▶ [Try it] With the pictures omitted, set down exactly the lines from the one that contains "[Custom Treasure-hunting captain]" through the last line of the data.

++++++++++

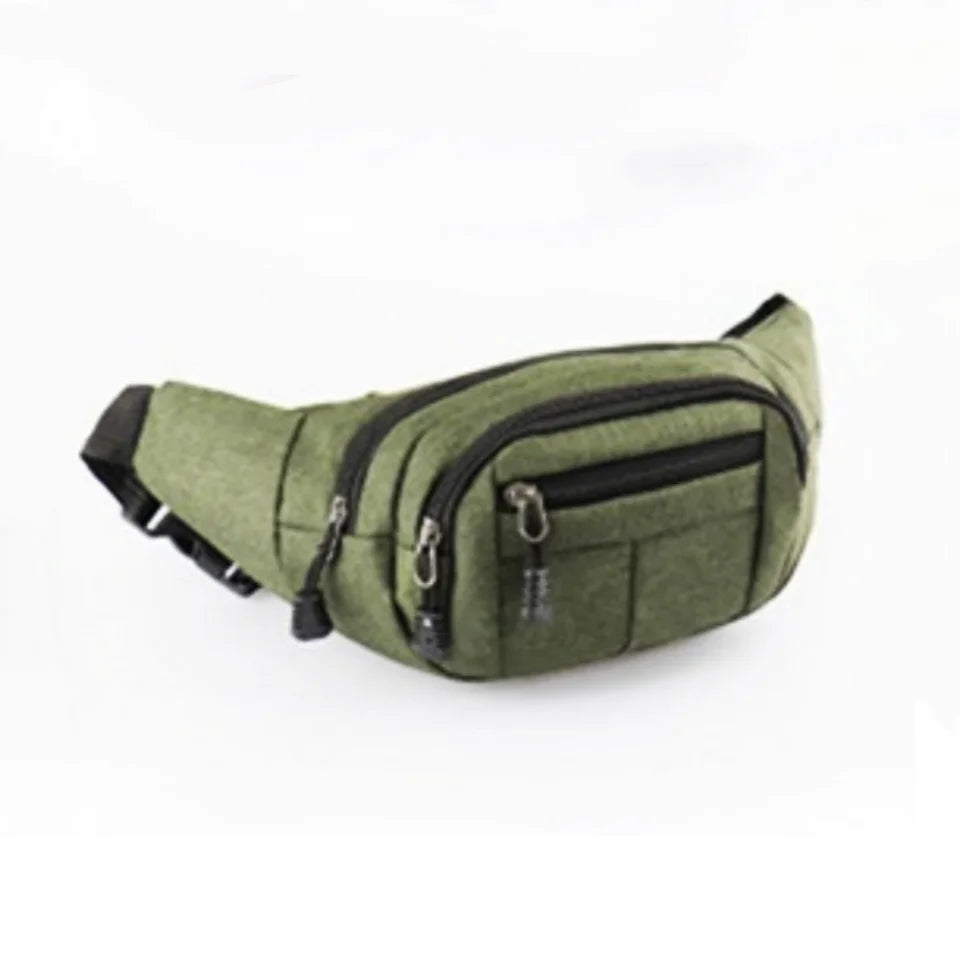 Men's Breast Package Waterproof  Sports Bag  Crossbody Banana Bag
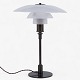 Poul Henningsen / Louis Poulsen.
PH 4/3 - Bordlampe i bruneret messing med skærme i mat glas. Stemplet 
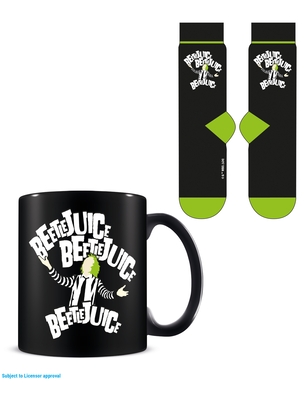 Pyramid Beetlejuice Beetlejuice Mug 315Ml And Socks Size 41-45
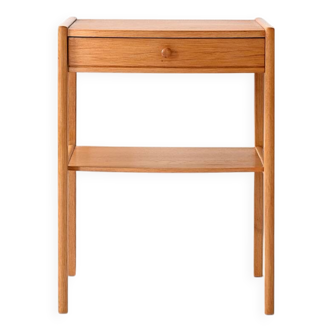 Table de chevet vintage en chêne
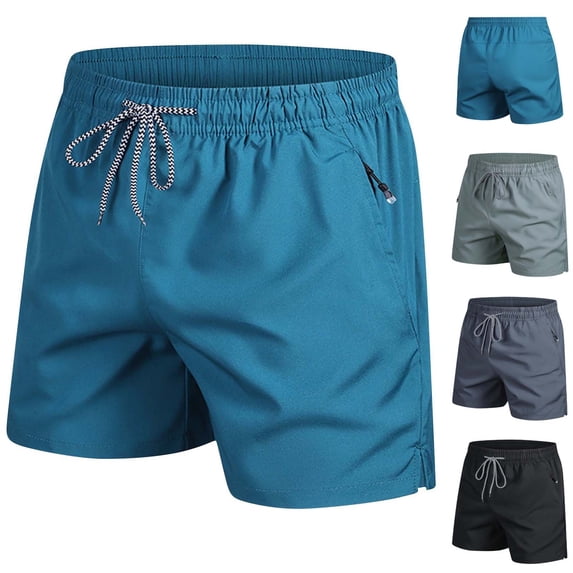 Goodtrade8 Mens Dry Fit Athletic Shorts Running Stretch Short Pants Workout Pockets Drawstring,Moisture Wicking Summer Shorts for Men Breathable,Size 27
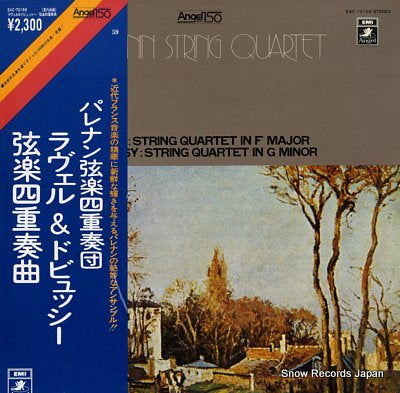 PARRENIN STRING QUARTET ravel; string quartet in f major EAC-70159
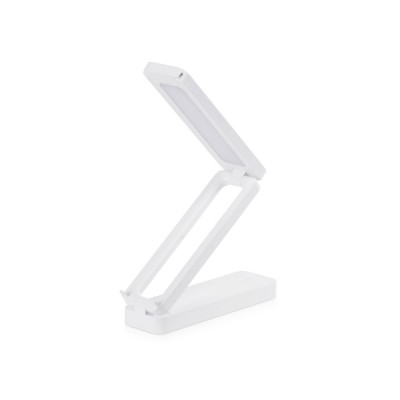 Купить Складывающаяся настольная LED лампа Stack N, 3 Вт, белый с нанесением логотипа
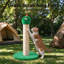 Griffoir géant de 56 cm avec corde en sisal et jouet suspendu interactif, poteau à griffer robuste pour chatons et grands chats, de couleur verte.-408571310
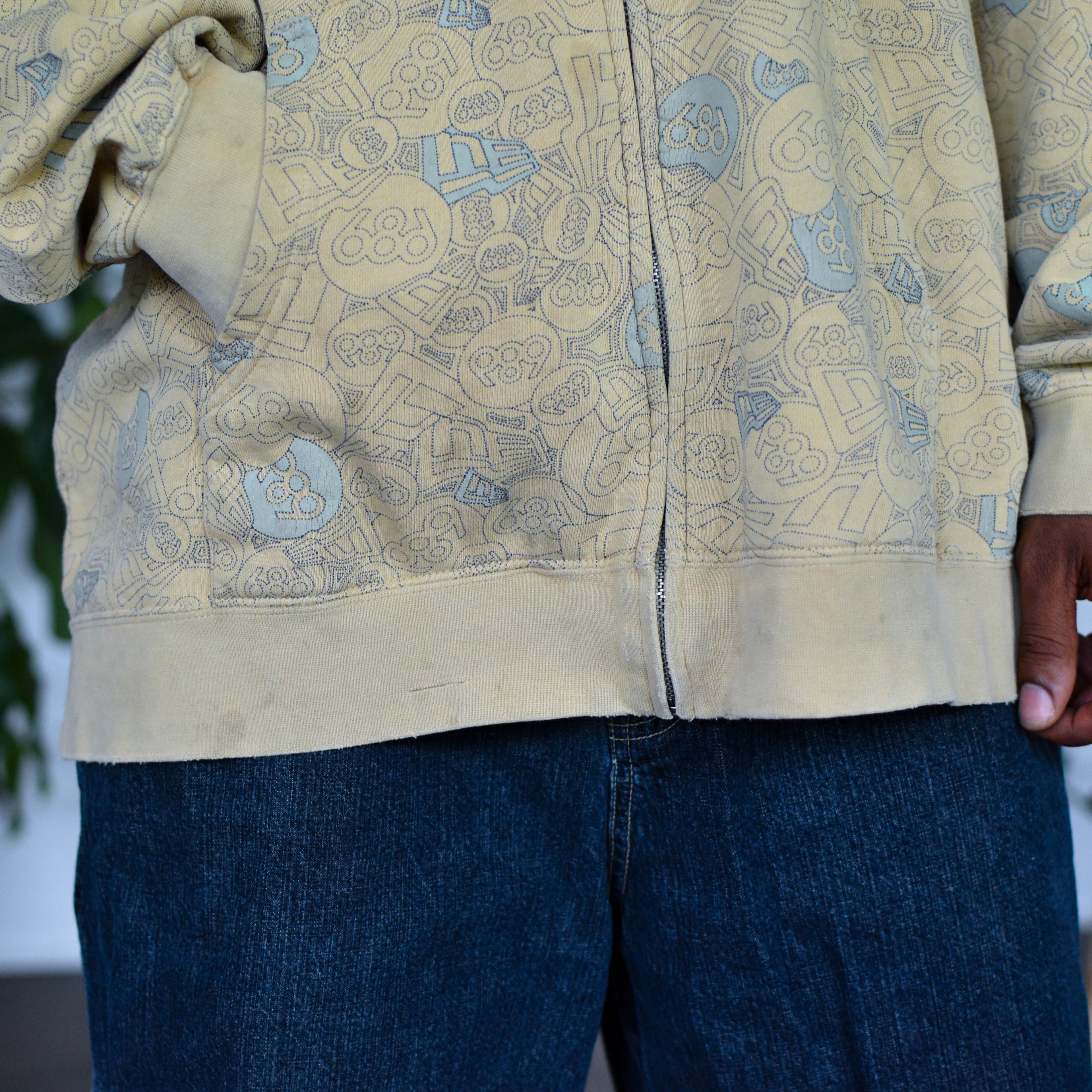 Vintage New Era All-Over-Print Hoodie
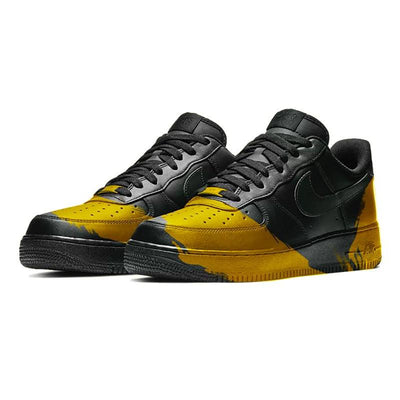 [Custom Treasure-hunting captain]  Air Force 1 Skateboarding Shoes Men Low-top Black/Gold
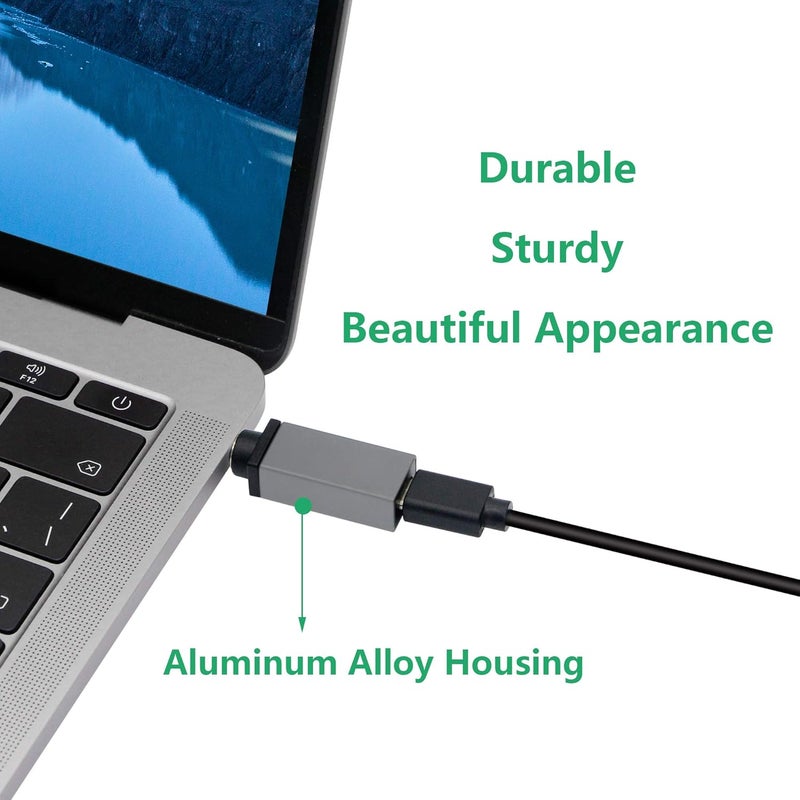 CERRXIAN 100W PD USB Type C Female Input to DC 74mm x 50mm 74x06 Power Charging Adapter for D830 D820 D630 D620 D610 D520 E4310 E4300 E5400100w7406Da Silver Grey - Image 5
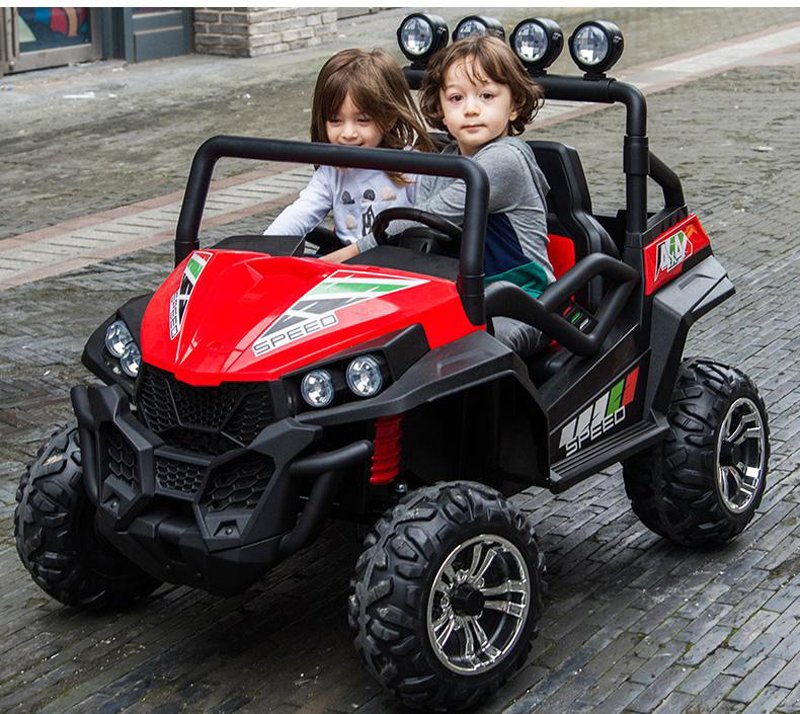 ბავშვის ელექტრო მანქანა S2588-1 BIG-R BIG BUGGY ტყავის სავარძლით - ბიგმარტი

++++++++++

▶ [Answer below]
 [Custom Treasure-hunting captain]  Air Force 1 Skateboarding Shoes Men Low-top Black/Gold
 CERRXIAN 100W PD USB Type C Female Input to DC 74mm x 50mm 74x06 Power Charging Adapter for D830 D820 D630 D620 D610 D520 E4310 E4300 E5400100w7406Da Silver Grey - Image 5
 ბავშვის ელექტრო მანქანა S2588-1 BIG-R BIG BUGGY ტყავის სავარძლით - ბიგმარტი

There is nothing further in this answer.